The listing that follows must be retyped exactly, without its pictures.

[Available data — start]

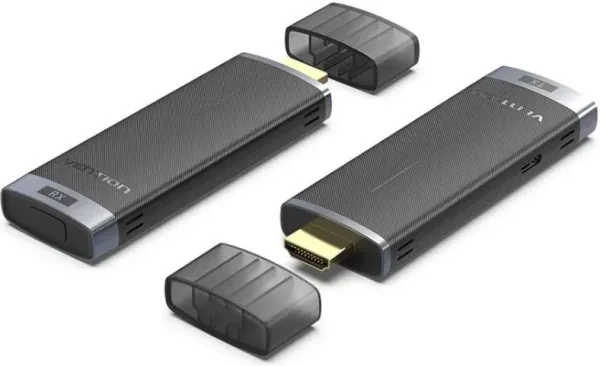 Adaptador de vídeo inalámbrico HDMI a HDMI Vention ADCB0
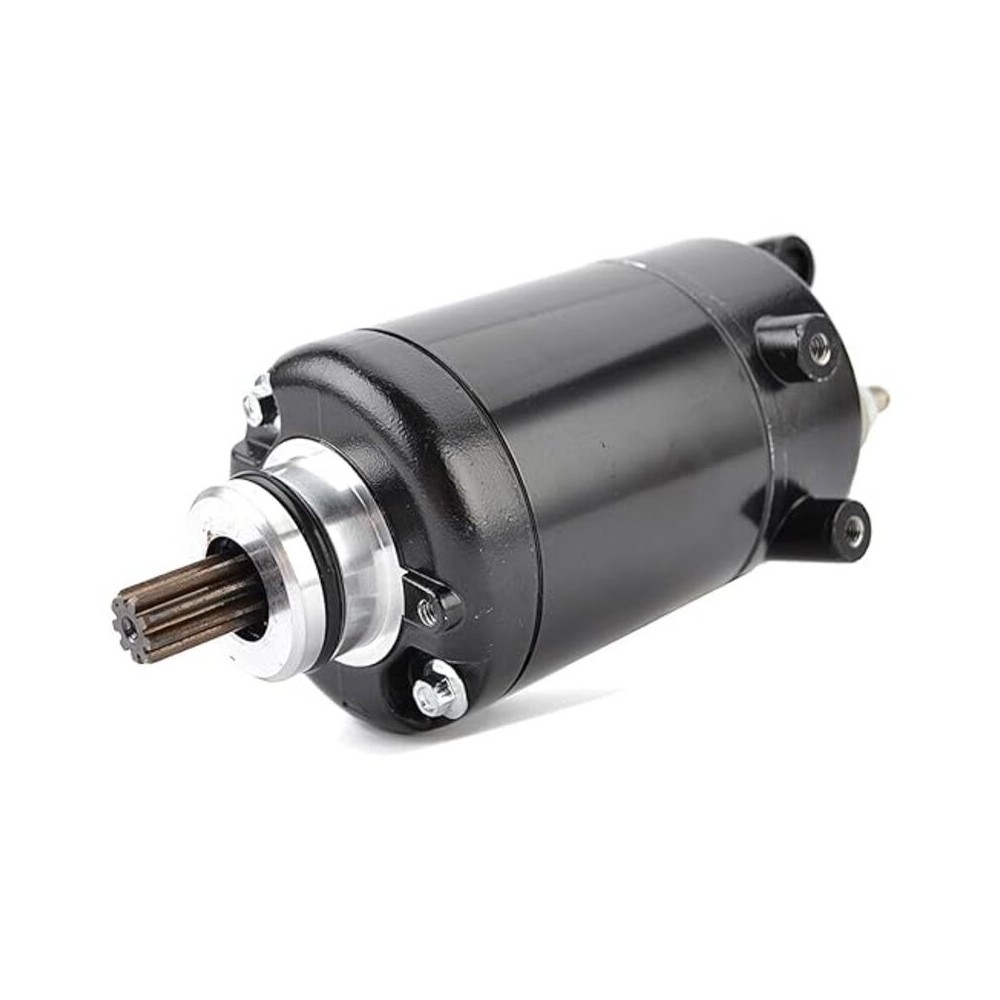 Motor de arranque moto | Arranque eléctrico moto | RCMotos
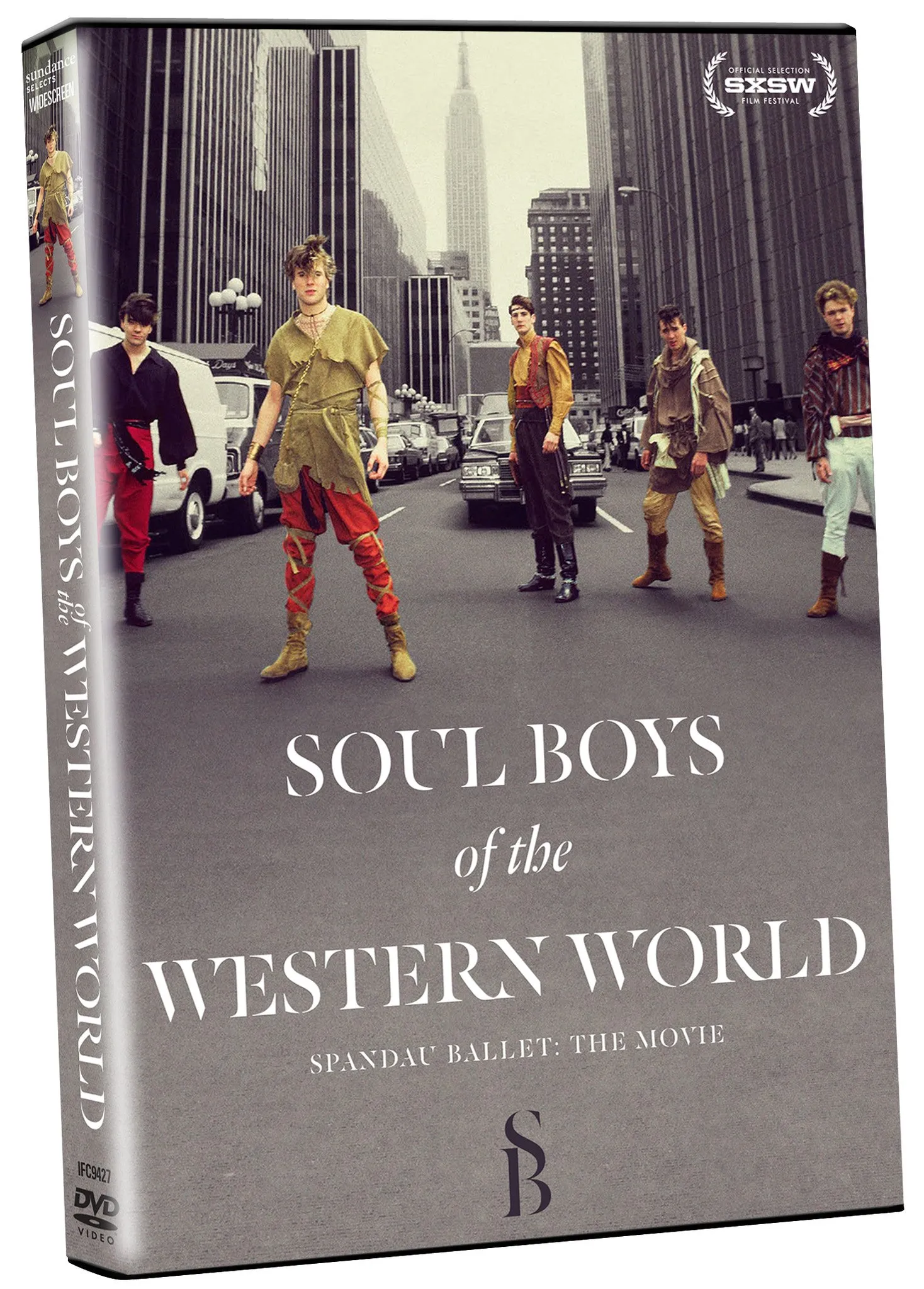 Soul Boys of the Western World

[Available data — finish]

Result of this exercise ▸
 Adaptador de vídeo inalámbrico HDMI a HDMI Vention ADCB0
 Motor de arranque moto | Arranque eléctrico moto | RCMotos
 Soul Boys of the Western World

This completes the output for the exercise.